Siyasi analistler, Hollanda seçimlerinin bir diğer galibinin de YeşilSol partisi olduğu yorumunda bulunuyor. Liderliğini Jesse Klaver’in yürüttüğü parti, bir önceki seçimlerde 4 olan meclisteki sandalye sayısını 14’e çıkarmayı başardı. Yeşillerin yükselişinde, çevrenin göçmenlerden daha önemli bir sorun olduğunu düşünen seçmenlerin sayısındaki artışın etkili olduğu vurgulanıyor. Uzmanlar, seçimin kaybedeni olarak da, iktidar ortağı İşçi Partisi’ni gösteriyor.

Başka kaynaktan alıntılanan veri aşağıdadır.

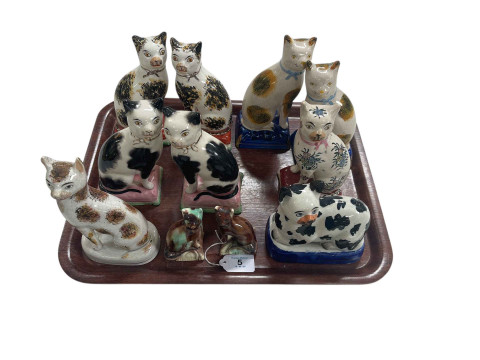 Cat ornaments including 19th Century Staffordshire (11).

Partinin bir önceki seçimlerde 38 olan koltuk sayısı 9’a geriledi.
‘Hepsi aynı kafa’
Dışişleri Bakanı Mevlüt Çavuşoğlu, Hollanda’daki genel seçim sonuçlarına ilişkin değerlendirmesinde, seçime giren tüm partilerin aynı zihniyette olduğu yorumunu yaptı. Çavuşoğlu yaptığı açıklamada, “Aldıkları oylar birbirine yakın, yüzde 17’ler, yüzde 20’ler. Böyle birçok parti ama bir bakıyorsun sosyal demokrat ile faşist Wilders arasında da hiçbir fark yok, hepsi aynı kafa. Nereye varacaksınız, Avrupa’yı nereye götürüyorsunuz, Avrupa’yı çökertmeye başladınız. Avrupa’yı uçuruma götürüyorsunuz. Yakında Avrupa’da din savaşları da başlar, başlayacak. Bu gidişle öyle” dedi.